Arpin cracks top 10 in Nationwide race

Dan Falloon

Some call it the “Car of Tomorrow,” some call it the “Car of Today.”
Steve Arpin calls it the car that helped him earn his first top 10 finish in NASCAR Nationwide Series racing.
The local driver was able to adjust to the “C.o.T” car, which saw its first Nationwide action during Friday night’s Subway Jalapeno 250 at the Daytona International Speedway, and finish 10th in his fifth race on the circuit.
Teammate Dale Earnhardt. Jr. took the checkered flag.
“It was pretty cool,” enthused Arpin, 26.
“With the way the first three or four Nationwide races started out, we were struggling and just getting caught up in a lot of wrecks and that kind of thing,” he noted.
“I really needed a good run, and I had the time of my life.”
As he alluded to, Friday’s race was a stark contrast to some of his earlier outings, where Arpin often found himself in the thick of the action, which tended to end badly.
“The earlier races I was in, I was just always pushing so hard and wanting to be right in the middle of it all the time,” he explained.
“These races, I’ve matured a little bit, and got a little bit of patience.
“I’ve learned my lessons the hard way,” he remarked.
Arpin said driving a little more defensively turned out to be a wise choice given accidents ended his day in two of his first four Nationwide races.
“There are a whole bunch of situations when you’re out there that I just need to back off of the gas instead of keeping my nose in there and in a bad situation,” he admitted.
“There [were] three or four times during that race where I could have just dug a little bit harder and fought for the position instead of just giving the position up, and sure enough, two of those times, I backed out of it and the guys I was racing with ended up wrecking.
“Sure enough, at the end of the race, we’re still racing.
“We don’t have a scratch on the car, and we’re in a competitive spot at the end,” he concluded.
And that was a lucky case since the car was a new style the Nationwide Series is adopting for select races this season in order to ease the transition to full-time use next year.
NASCAR debuted the cars in the Sprint Cup Series in 2007.
The cars were designed to increase safety over older designs, but also have aerodynamic differences to which the drivers must adjust.
“It was pretty wild.
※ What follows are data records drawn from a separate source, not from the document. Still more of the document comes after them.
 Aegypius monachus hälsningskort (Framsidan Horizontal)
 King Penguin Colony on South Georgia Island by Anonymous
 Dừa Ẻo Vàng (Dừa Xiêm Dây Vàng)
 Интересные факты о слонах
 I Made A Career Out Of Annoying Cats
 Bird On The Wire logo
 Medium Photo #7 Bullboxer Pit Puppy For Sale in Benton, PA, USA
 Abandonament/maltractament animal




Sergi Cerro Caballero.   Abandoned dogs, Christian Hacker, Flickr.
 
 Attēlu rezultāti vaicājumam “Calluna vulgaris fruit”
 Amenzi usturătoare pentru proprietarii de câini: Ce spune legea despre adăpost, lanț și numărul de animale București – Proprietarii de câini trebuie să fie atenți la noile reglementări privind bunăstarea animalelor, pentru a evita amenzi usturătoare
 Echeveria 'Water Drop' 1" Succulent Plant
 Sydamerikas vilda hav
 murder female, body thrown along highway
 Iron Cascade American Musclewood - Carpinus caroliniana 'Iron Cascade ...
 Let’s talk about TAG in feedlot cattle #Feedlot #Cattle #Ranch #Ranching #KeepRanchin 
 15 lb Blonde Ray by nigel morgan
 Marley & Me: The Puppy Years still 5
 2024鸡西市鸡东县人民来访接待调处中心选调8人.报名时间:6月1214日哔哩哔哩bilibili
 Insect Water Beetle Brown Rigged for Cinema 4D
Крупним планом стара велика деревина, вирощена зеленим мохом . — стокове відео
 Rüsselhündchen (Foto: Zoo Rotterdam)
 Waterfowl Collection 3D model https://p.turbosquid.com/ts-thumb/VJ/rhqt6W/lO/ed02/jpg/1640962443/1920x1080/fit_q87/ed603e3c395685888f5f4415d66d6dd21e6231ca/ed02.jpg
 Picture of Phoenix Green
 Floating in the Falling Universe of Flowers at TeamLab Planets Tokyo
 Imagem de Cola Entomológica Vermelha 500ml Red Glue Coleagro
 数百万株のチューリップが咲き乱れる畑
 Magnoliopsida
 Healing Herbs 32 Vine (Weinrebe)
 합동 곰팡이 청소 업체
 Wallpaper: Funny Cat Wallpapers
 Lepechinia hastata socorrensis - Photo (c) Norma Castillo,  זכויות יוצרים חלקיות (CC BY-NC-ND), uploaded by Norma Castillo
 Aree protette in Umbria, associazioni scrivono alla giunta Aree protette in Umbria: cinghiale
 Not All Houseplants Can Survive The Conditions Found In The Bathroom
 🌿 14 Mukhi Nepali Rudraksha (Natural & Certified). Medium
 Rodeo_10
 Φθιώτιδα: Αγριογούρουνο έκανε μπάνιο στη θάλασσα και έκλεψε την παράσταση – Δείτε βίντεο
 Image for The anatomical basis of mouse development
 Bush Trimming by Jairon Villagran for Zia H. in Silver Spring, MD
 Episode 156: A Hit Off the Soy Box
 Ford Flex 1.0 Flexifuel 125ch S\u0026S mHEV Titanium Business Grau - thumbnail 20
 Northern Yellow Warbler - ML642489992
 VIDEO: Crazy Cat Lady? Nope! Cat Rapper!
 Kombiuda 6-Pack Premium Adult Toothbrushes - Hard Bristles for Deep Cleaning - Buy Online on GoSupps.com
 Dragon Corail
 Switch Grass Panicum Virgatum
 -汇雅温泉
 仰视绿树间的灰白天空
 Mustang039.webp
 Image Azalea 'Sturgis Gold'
It was a handful,” Arpin reported.
“They were just so loose all the way around Daytona, we were just slipping and sliding,” he noted.
“It was like running around a two-and-a-half mile high-banked dirt track at 190 m.p.h.”
Arpin said he still had a lot to learn about the car when he took his position in 15th spot on the starting grid Friday night since he only had had practice sessions with it.
“It’s the first time we’ve had it out at all in race conditions,” he explained.
“It’s just learning the adjustments, learning what the car likes, learning what it doesn’t like. . . .
“Nine times out of 10, you learn what the car doesn’t like before you learn what it does like,” he remarked.
“You learn the hard way through all your adjustments.”
The race took on added meaning for Arpin’s teammate, Earnhardt, whose father, Dale Sr., was killed on the final lap of the Daytona 500 back in 2001.
His death helped jump-start efforts to get a safer car on the track.
Earnhardt raced in the #3 car as a tribute to his father, and Arpin said the emotion was overflowing when Earnhardt won the race.
“It was unbelievable,” he said. “There were tears in absolutely anyone’s eyes who was part of [it], and the fans even.
“It was such a meaningful night.”
Arpin’s next Nationwide action will be July 17 at the Missouri-Illinois Dodge Dealers 250 in Madison, Ill.
That will be his first race in JR Motorsports’ primary car, which is a stepping stone to Arpin getting his own line of merchandise.
“I’m going to be in the No. 88 car, the primary car for JR Motorsports,” he enthused.
“Now that I’m running the No. 88 car, they’re going to be making all sorts of souvenirs like T-shirts and die-casts and that,” he noted.
Arpin expects the merchandise will be available through the JR Motorsports within a couple of weeks.